Değişim kişinin ruhunda gerçekleşir. Yani insan yine hata hatta aynı hatayı yapabilir. Değişen bu hatalara bakış açısıdır. İnsanın hayat görüşü, mantığı, istekleri ve istemedikleri, dili, giyimi, yaklaşımı, iletişimi, sevgisi değişir ama bütünüyle insanın davranış dünyası değişmez. İşte bütün bu evrene bakan gözü ve aklı değişir. Hata yapar ama hatayı yorumlayan aklı değişir. Hataya kalkışan niyetini bilmeyi, pişman olmamayı bilen iradesi değişir. Kendini durdurabilen ya da özgürlüğü kendine sunabilen ruhu değişir. Yine ağlar, yine acı çeker ve yine kaybeder ama acıdan ağlayan kalbinin gücü değişir. Acının günü değişir, saplanan zihnin saati değişir, uzayan yolların sayısı değişir.
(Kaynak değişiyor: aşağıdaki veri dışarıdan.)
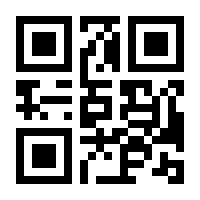 QR-Code zur Seite https://www.isbn.de/9783928210058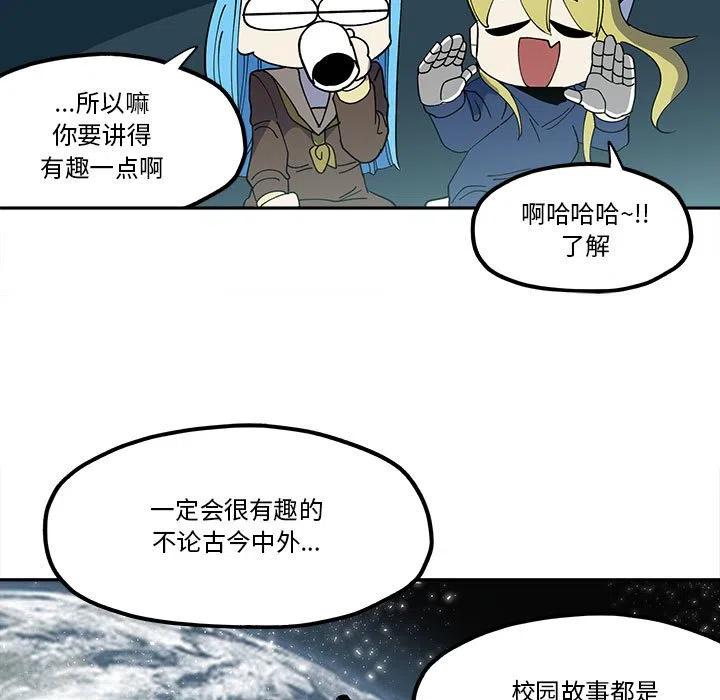 钢铁机械新娘44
İnsan değişmek isterse zihnen ve ruhen “bakışı” değişir. İnsan yaradılışını bütünüyle değiştiremez. Üstelik zaten hayat ve doğa değişmedikçe yaşanacakların ismi değişmez. Sayısı ve şekli değişir.
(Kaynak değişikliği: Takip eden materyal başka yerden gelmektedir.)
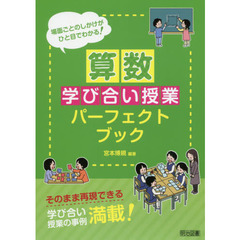 算数学び合い授業パーフェクトブック　場面ごとのしかけがひと目でわかる！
Doğru bir değişim niyetinde zihin ve ruh bakışı doğru değişir. Bunu bilmeden kalkışanların ise var olan kimliği değişir ama yeni bir kimlik de var olamaz. Maya bozulur, insana has yaşanılacakları kabul etmeyi unutunca yaşamayı unutan insan için yaşamanın ne demek olduğu değişir. Kendine baktığı gözü değişir.
Ufak adımlar atın, diyete gerek yok, bakışınızda olması gereken ufak değişimler için niyetlenin. O değişirse yaşadıklarınız aynı olsun ya da olmasın olanlara bakan gözünüz, kalbiniz değişir. Değişimle uğraşırken öz varlığınızı unutmayın, zorlamayın, dayatmayın; kendinizi cezalandırmayın. İnsan olduğunuzu unutmayın. Düşün, ağlayın, yenilin ama olanlara nasıl bakacağınızı ve ne yapacağınızı değiştirin.
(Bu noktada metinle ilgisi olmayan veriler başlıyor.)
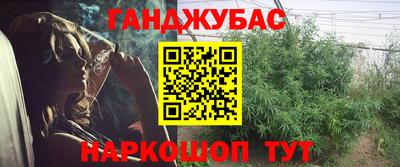 мескалин Заводоуковск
Fanus değil aydınlık bir zihin yaratın kendinize.
Üstelik en önemlisi, herkes ve her şey değişmek zorunda değildir. Bir gezegen düşün zayıflıkları, psikolojik rahatsızlıkları, ağır hikayeleriyle bilinen ünlü ressamlar, şairler, yazarlar vs. sanatla kendini tamamlayanlar ya da anlatanlarla dolu. Bu yüzden kusurlarıyla da mutlu ve güzel olmayı bilmek gerekir. Hatta belki o eksiklikler ve kusurlar insanı başka bir şey ile tamamlayacak ya da o insanı o kusurundan sebep yeryüzünde kutsal biri yapacaktır.
Mükemmel bir ruh, zihin ve hayat yoktur. Mükemmel bir “hissetme” vardır. Ve bu en büyük ruhsal hastalıkları olduğu halde fırçasıyla dünyayı boyayan ressam için de, besteye dökülmüş sözü yazan için de, aşk acısından kendini hayattan koparmış kadın için de, iflas etmiş adam için de ortak tek gerçektir.
Tek değişim ve tek gerçek “hissetmektir”. Onun dışında çok da değişim diyetine girmemek gerekir. Bunu abartmak kaybolmak demektir.
Baktığınız gibi hissedeceğiniz bu dünyada ne hissetmek istiyorsanız öyle bakmayı seçin, sadece bunu değiştirin.